É possível notar que o bolsonarismo, o campo da extrema direita, sofreu recentemente alguns danos e se encontra atravessado por disputas intestinas e fratricidas. Entretanto, os fatores objetivos e subjetivos que levam à adesão ou, pelo menos, identificação com o que ele tem a oferecer e propagar persistem. Os nexos entre extravasamento securitário e “selvageria do cada um por si e todos contra todos” geram combustíveis inflamáveis para o campo da extrema direita. Nessa perspectiva, apontar para El Salvador e postular uma espécie de “bukelyzação”2 à brasileira, buscando guarida no formato trumpista de imperialismo estadunidense, parece se oferecer como um caminho para requentar politicamente a extrema direita e manter sua aderência social. “Tocar o terror” e empilhar cadáveres (seletivamente) são mais do que bandeira política: viram eixo de governança, catalisando os dispositivos traumatofílicos de submissão à (des)ordem social.

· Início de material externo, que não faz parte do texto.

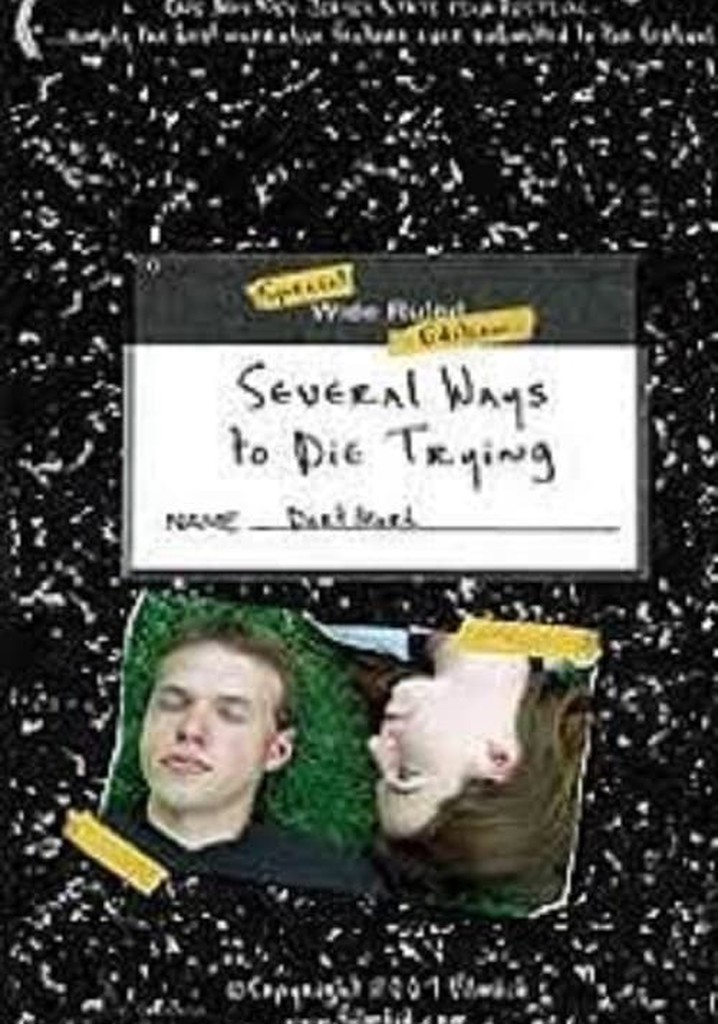 Several Ways to Die Trying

Na lógica (belicista) da extrema direita, incidir sobre a dimensão sensível e mobilizar afetos constituem móveis estratégicos de ação, com estatuto de centralidade. Inserem-se aí, por exemplo, os bombardeios de fake news — dispositivo semiótico virulento e ostensivo que, de maneira cirúrgica, atinge o “alvo”, ou seja, o perfil psicológico determinado pela captura incessante de dados promovida pelo “extrativismo digital”. A guerra semiótica exponencia o extravasamento securitário, alastra a chave afetiva subjacente da insegurança/medo, atiça o hiperindividualismo.

O tipo de “ênfase” dada pela extrema direita no tema da segurança pública aparenta para muitas pessoas, moradoras das metrópoles brasileiras, uma espécie de “comprometimento”, “implicação” com as manifestações de insegurança/medo. Do outro lado da moeda, estaria uma aparência de “distanciamento academicista” e indiferença por parte da esquerda perante essas manifestações de insegurança e os medos dessas pessoas comuns, bem como os correlatos clamores por “autoridade” e “ordem”. O campo progressista precisa encarar de frente o tema da Segurança Pública. Uma premissa indispensável para conduzir esse desafio é o empenho de se conectar com as pessoas comuns, o que requer uma melhor escuta desses clamores por “autoridade” e “ordem”, dentre outros, sob pena de continuarem sendo preenchidos pelos direcionamentos monstruosos da extrema direita e congêneres.

 

Notas

  1. A inspiração desse debate sobre “traumatizações” remonta ao psicanalista Sándor Ferenczi. Por exemplo, em Ferenczi, Sándor. Confusão de língua entre os adultos e a criança. In: Obras Completas. Psicanálise IV. São Paulo: Martins Fontes, 2011. ↩︎
  2. Referente a Nayib Bukele, presidente de El Salvador. ↩︎

*Felipe Brito é docente do curso de Serviço Social da UFF (Universidade Federal Fluminense) no Campus de Rio das Ostras.